Scan the records below for the line with "Khedan Watan Punjab Diyan" and the line with "wechat_longscreenshot_2026-05-27_132901_164.png", and retype that range exactly, both ends included, pictures excepted.
++++ Data supplied ++++
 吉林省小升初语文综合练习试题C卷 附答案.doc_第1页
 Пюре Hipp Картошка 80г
++++
++++ Data supplied ++++
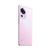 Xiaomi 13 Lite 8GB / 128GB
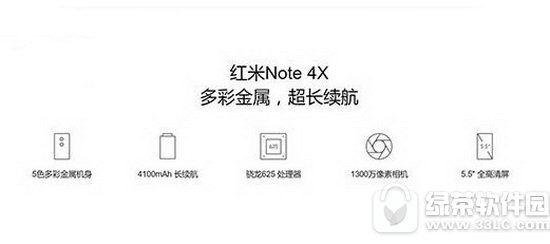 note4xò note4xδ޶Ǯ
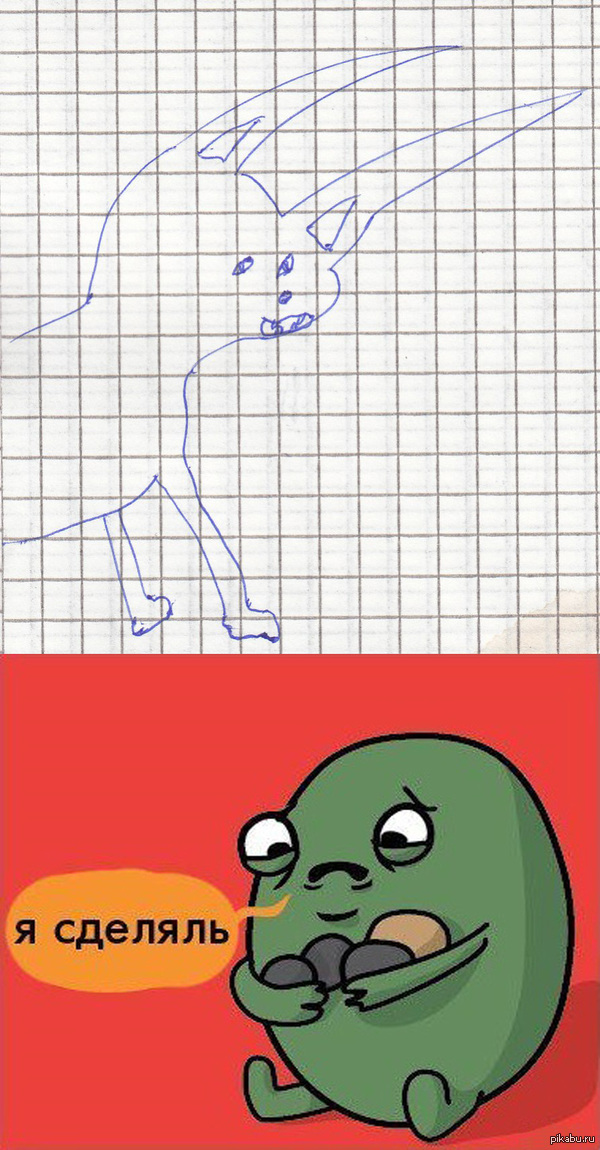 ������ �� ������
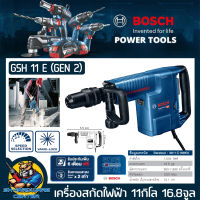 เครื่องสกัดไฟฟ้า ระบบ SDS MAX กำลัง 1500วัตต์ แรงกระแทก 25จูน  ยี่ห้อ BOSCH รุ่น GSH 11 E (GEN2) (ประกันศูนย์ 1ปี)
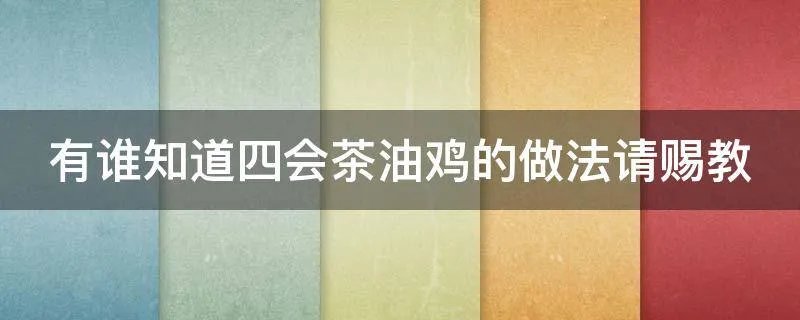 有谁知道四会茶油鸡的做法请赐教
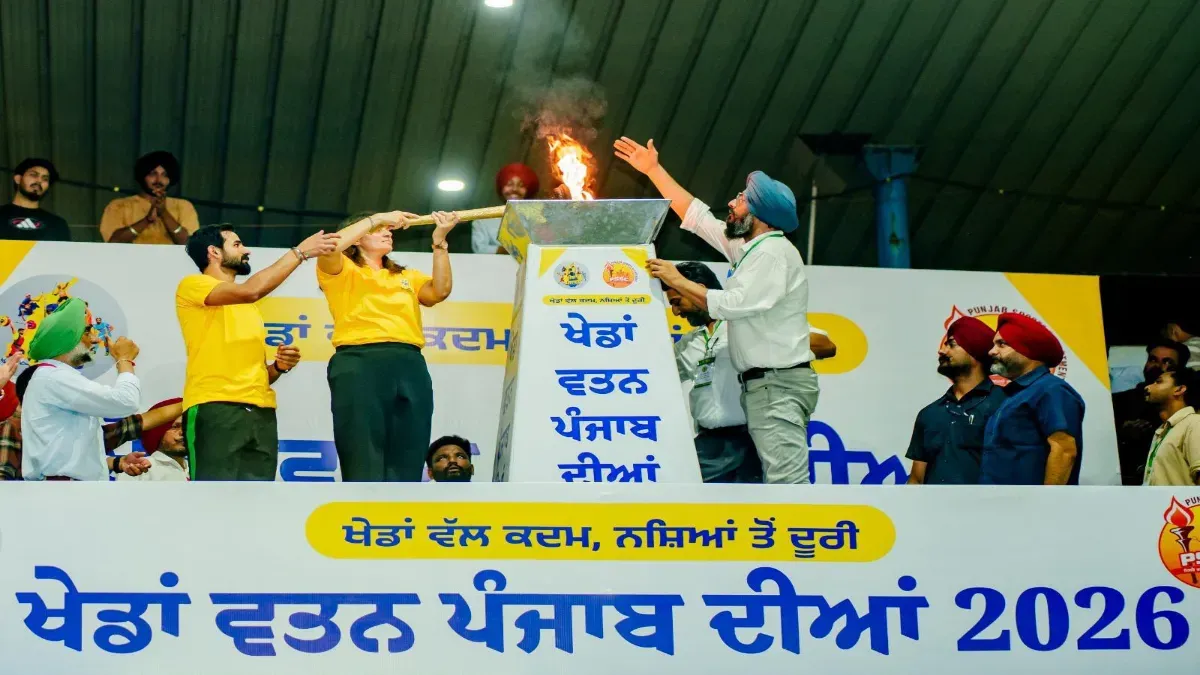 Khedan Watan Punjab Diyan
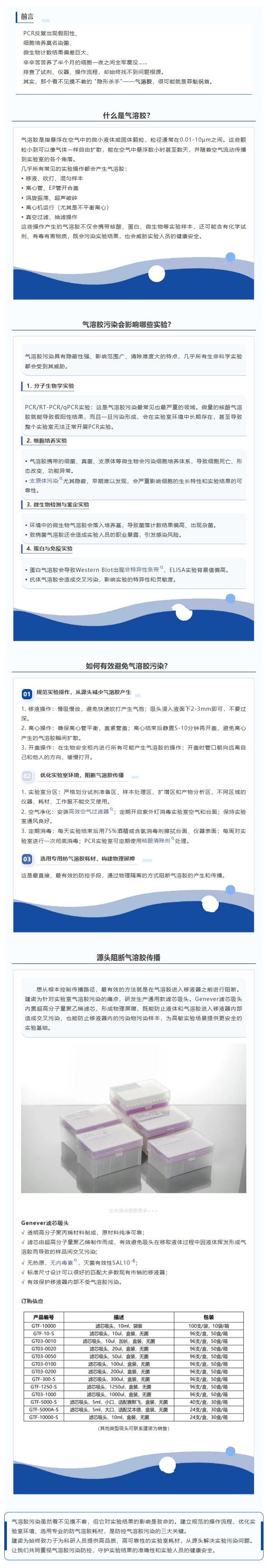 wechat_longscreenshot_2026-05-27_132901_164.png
++++
++++ Data supplied ++++
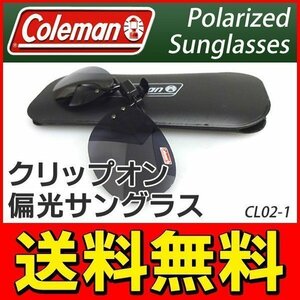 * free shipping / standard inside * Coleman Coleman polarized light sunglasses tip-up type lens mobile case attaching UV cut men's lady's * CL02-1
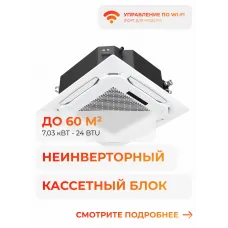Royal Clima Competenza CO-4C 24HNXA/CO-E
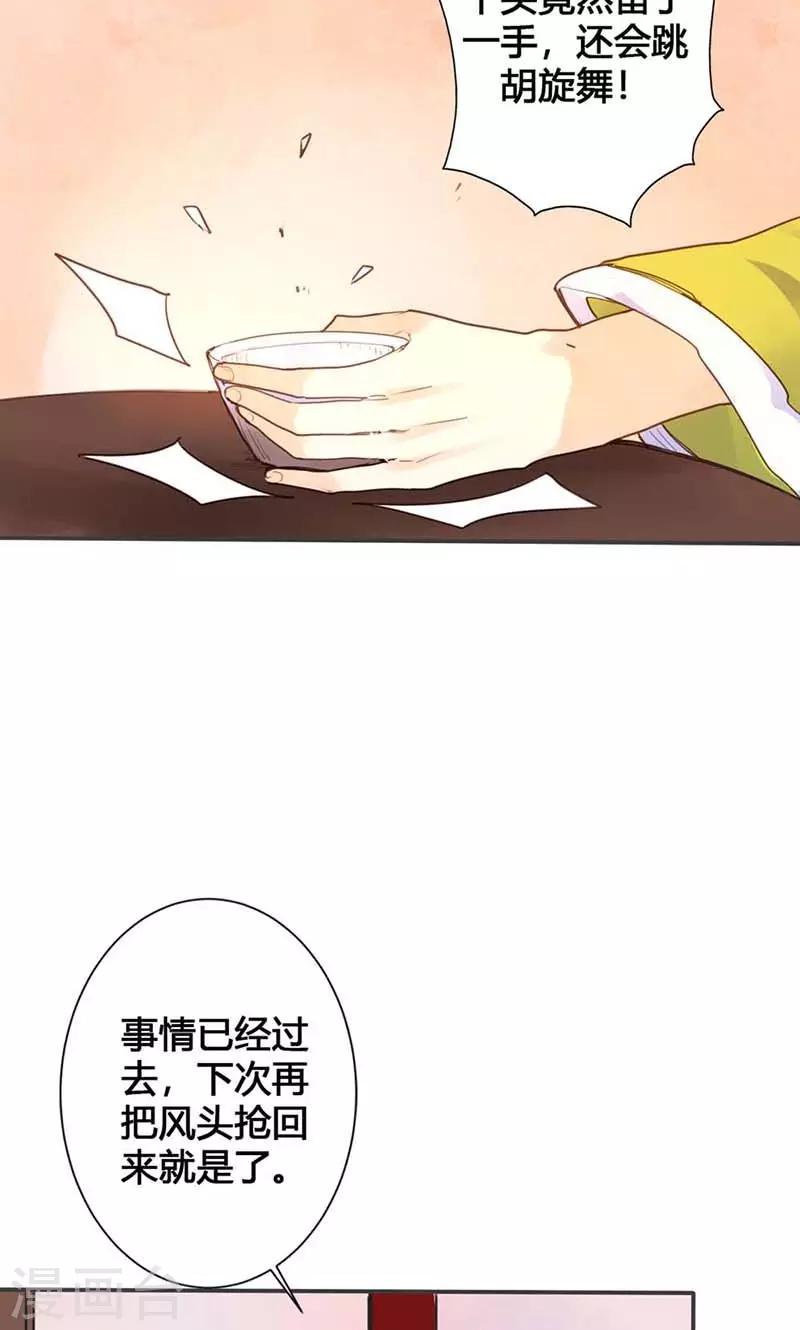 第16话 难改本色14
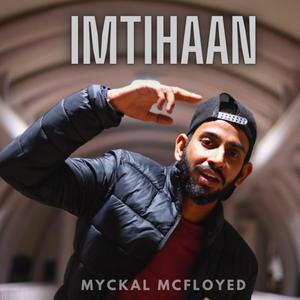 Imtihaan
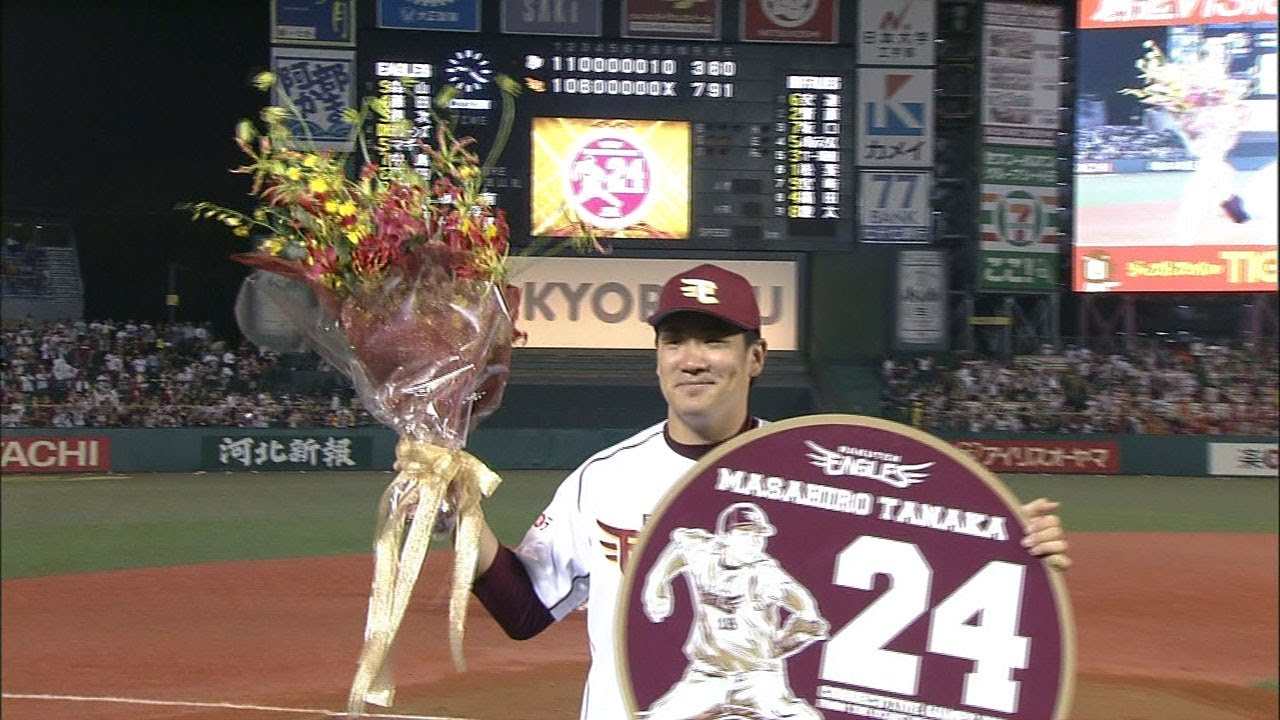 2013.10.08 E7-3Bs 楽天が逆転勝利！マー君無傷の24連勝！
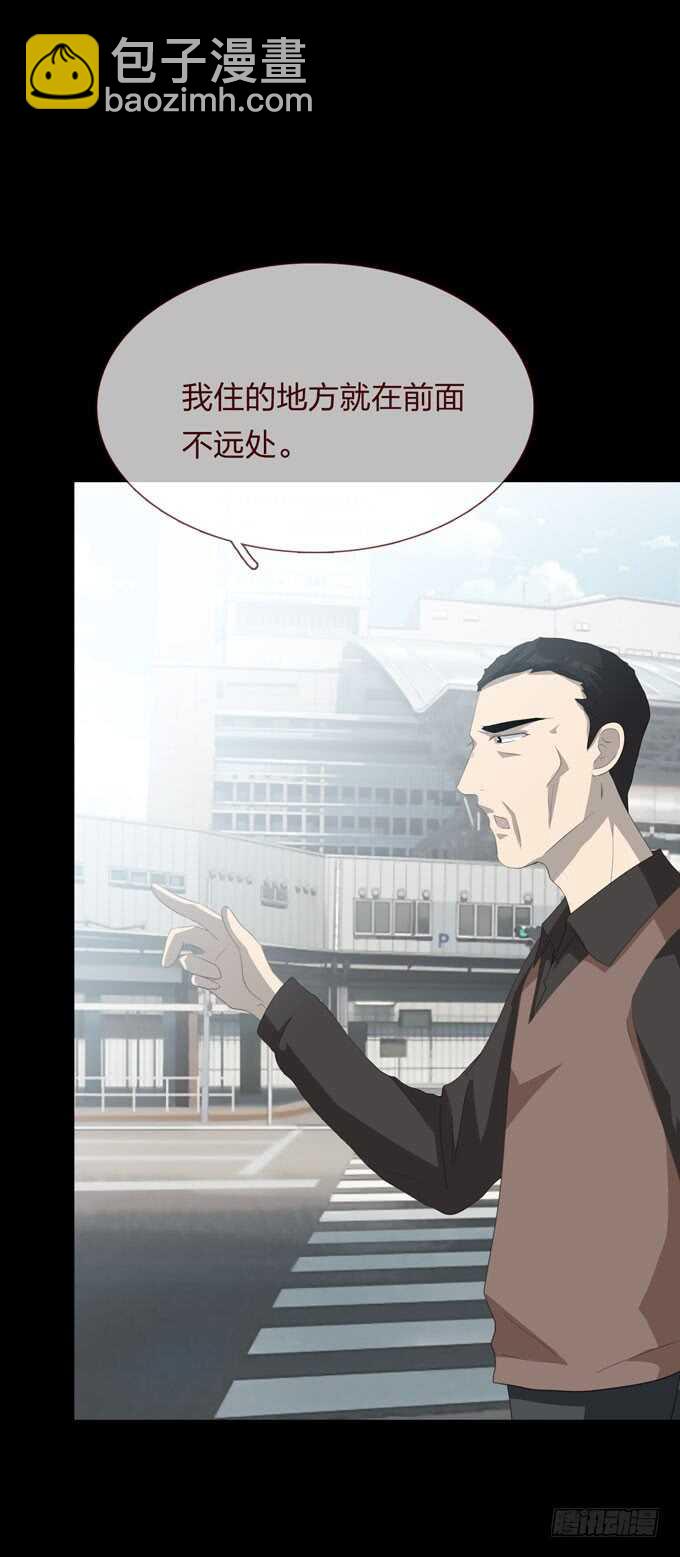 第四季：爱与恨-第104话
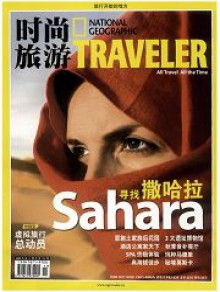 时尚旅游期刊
++++
◆ **Expected output**:
 Khedan Watan Punjab Diyan
 wechat_longscreenshot_2026-05-27_132901_164.png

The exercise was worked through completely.